In questo scenario è quanto mai essenziale per il management trovare la quadra sulle attività industriali. Non a caso, il nuovo direttore generale, Pietro Labriola, si è immediatamente preoccupato di rinegoziare il contratto con Dazn. Per l’ex monopolista, l’obiettivo è spuntare uno sconto dei minimi garantiti da 340 milioni l’anno sui prossimi tre esercizi. Evidentemente l’opzione non piace a Dazn. Con il risultato che l’intera faccenda rischia di finire a carte bollate. Con tanto di accantonamenti milionari necessari in bilancio e spese legali in conto. Opzione, quest’ultima, che giustificherebbe un’azione di responsabilità contro l’ex numero uno Gubitosi. Questo scenario penalizzerebbe di molto Tim in Borsa comprimendo ulteriormente il valore del titolo che venerdì valeva 0,44 euro contro 0,505 proposti da Kkr nella sua manifestazione d’interesse.
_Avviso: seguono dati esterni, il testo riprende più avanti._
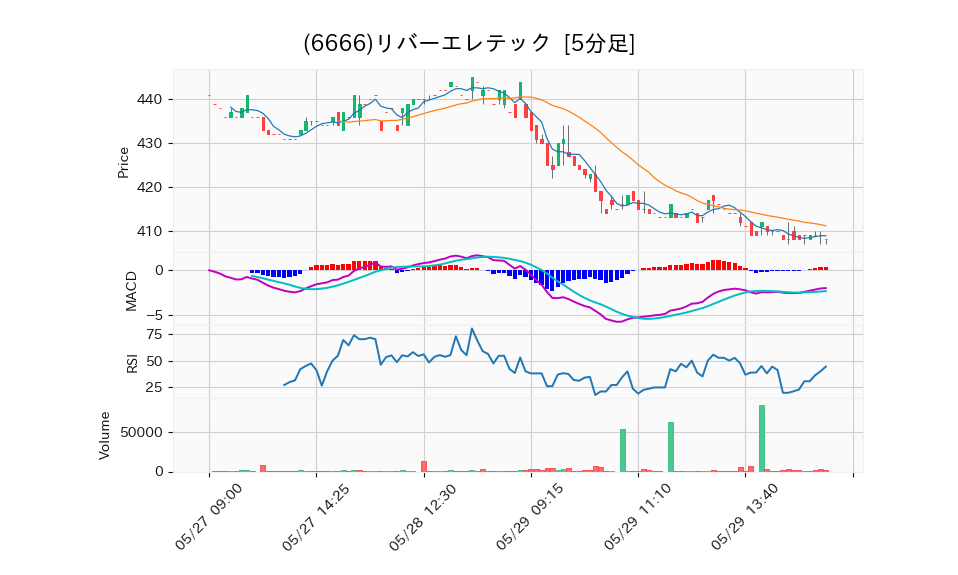 6666_5min_3days_chart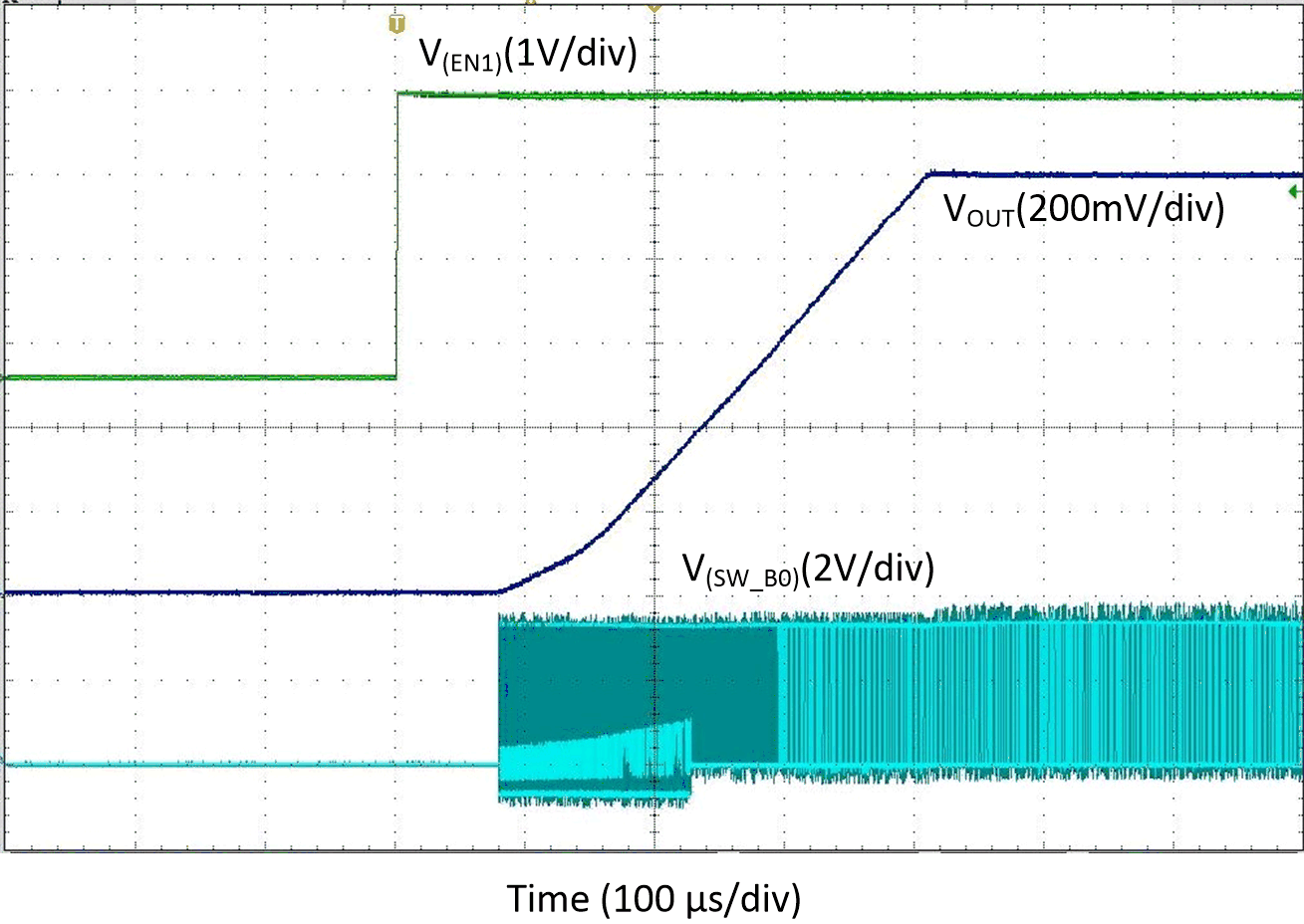 Start-Up With EN1, Forced-PWM-Four-Phase Mode GUID-129DF06D-4C8D-4E5A-928A-D363A7A3A53F-low.gif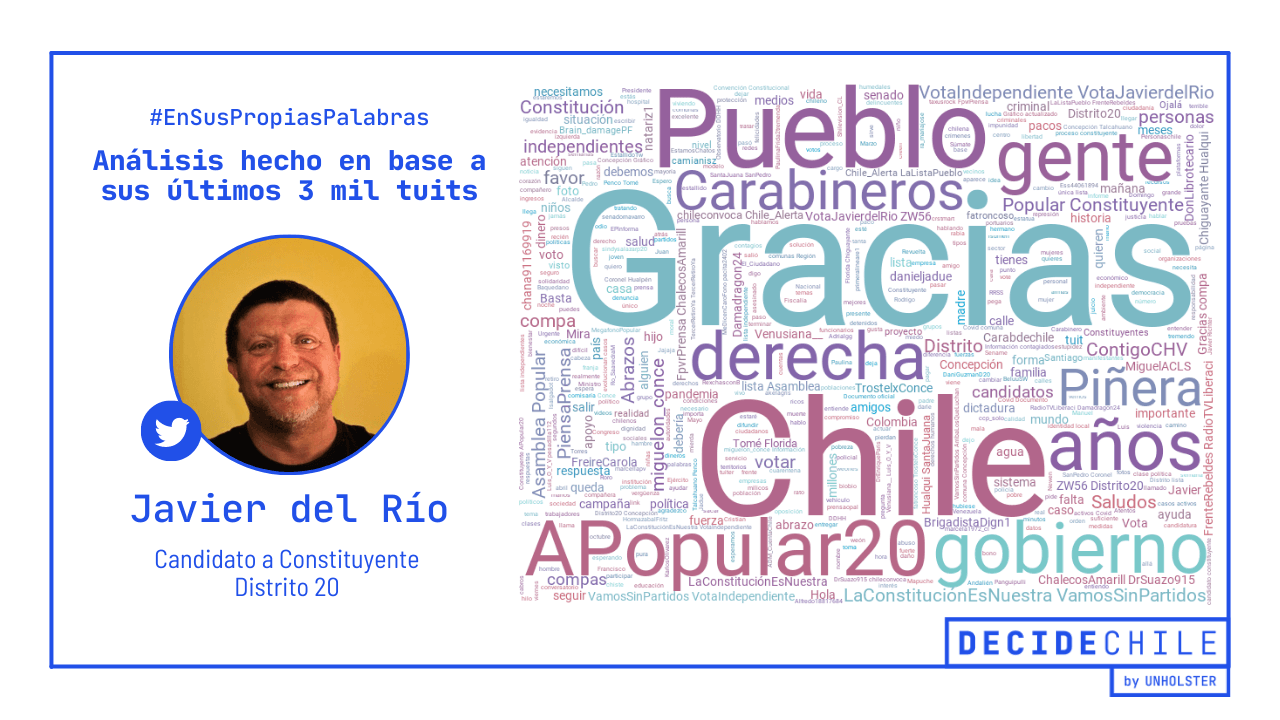 del Río distrito 20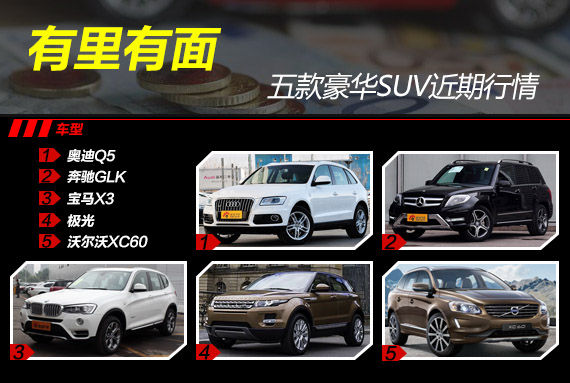 五款豪华SUV近期行情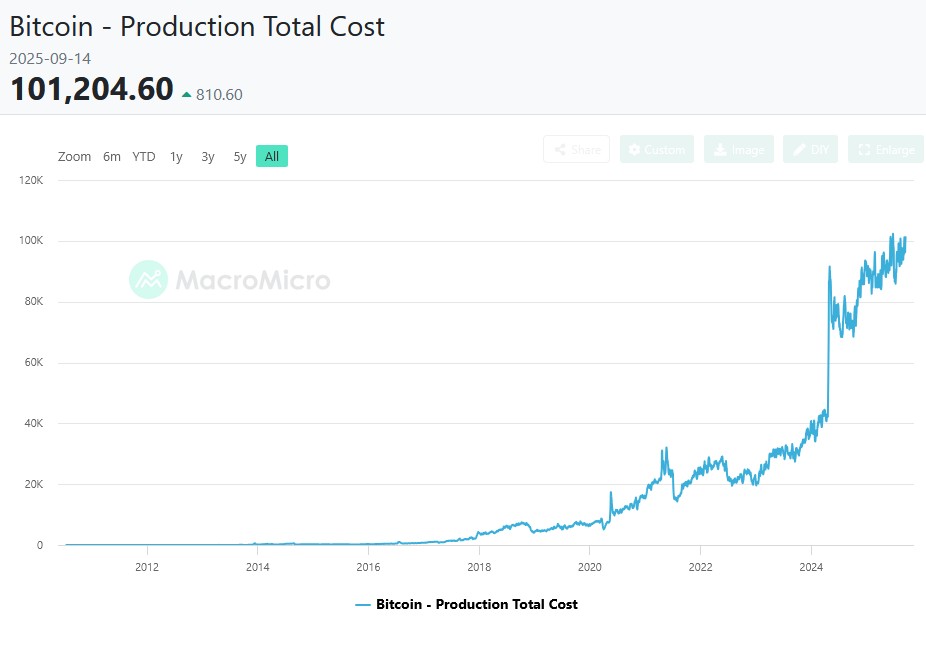 Bitcoin mining cost of production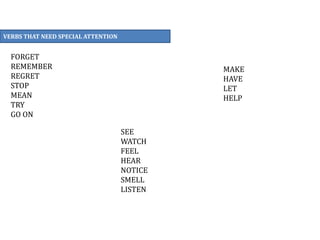 VERBS THAT NEED SPECIAL ATTENTION
FORGET
REMEMBER
REGRET
STOP
MEAN
TRY
GO ON
MAKE
HAVE
LET
HELP
SEE
WATCH
FEEL
HEAR
NOTICE
SMELL
LISTEN
 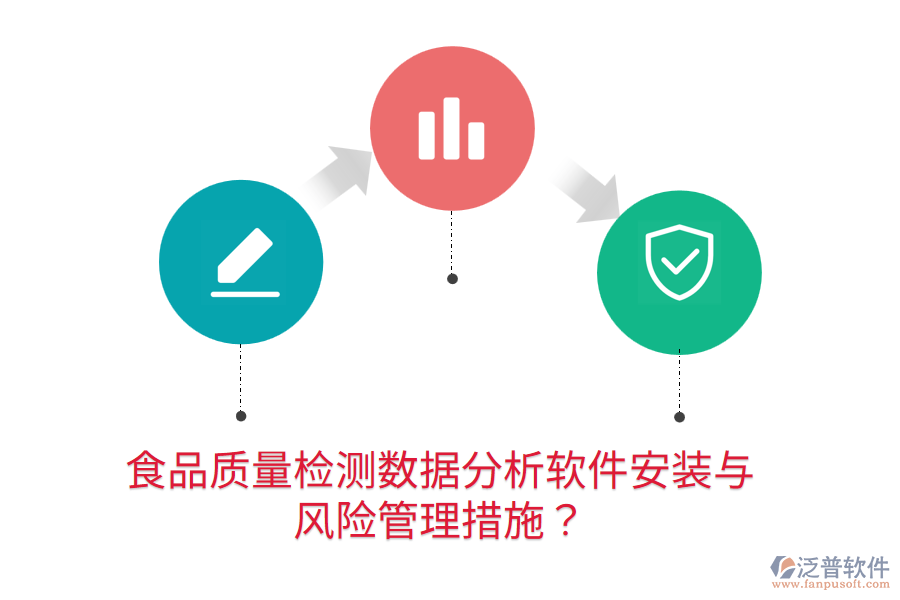 食品質(zhì)量檢測數(shù)據(jù)分析軟件安裝與風(fēng)險(xiǎn)管理措施？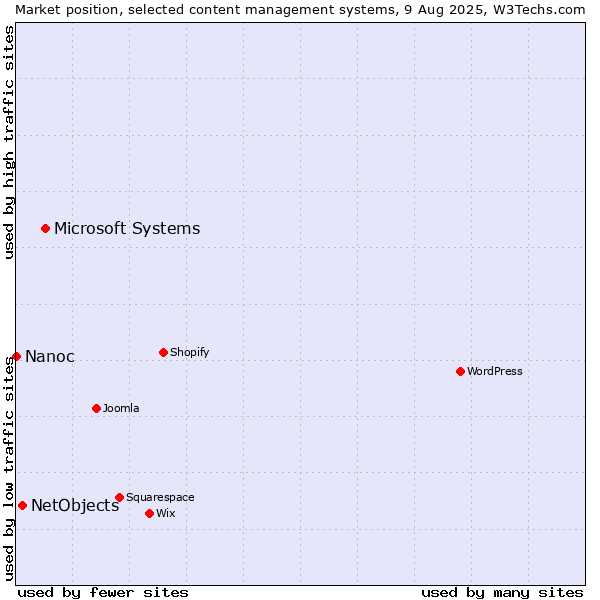 Market position of Microsoft Systems vs. NetObjects vs. Nanoc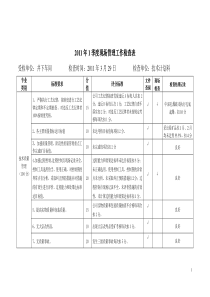 2011年1季度现场管理工作检查表(技术计划科)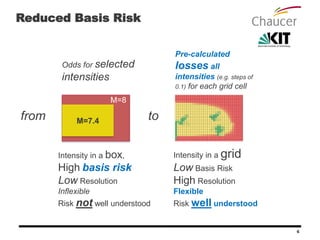 Parametric Risk Transfer Products - Gero Michel | PPTX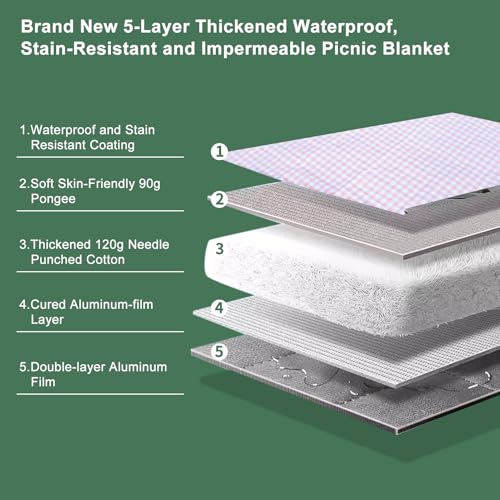 Picnic Blankets Outdoor Blanket Waterproof, 80''x80'' Extra Large Beach Blanket Sandproof Foldable Machine Washable, Vinta...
Sullo sfondo resta la questione degli assetti azionari. Il fondo americano Kkr non ha ancora formalizzato la sua offerta per Tim. Ma ha fatto sapere di essere disposto a sborsare 40 miliardi di cui dieci per l’offerta e 30 per gli investimenti necessari alla società per tornare ad essere competitiva. Vivendi però non è disposta ad uscire di scena. Anche perché è convinta che Tim possa valere di più della cifra offerta da Kkr separando la rete dai servizi di telefonia. Punta ad essere il dominus della trasformazione di Tim accanto a Cassa Depositi e Prestito. In questo modo peraltro si metterebbero le basi per un’eventuale fusione della società della rete con la rivale Open Fiber, il vecchio progetto dell’ex premier Giuseppe Conte. In sintesi, nella battaglia per la conquista di Tim, sembra ormai scontato che chiunque la spunterà procederà poi a una difficile ristrutturazione e riorganizzazione degli oltre 40mila dipendenti dell’ex monopolista della telefonia italiana. Salvo che il governo non trovi una soluzione che salvi capra e cavoli. Ma che potrebbe essere estremamente costosa per le tasche degli italiani.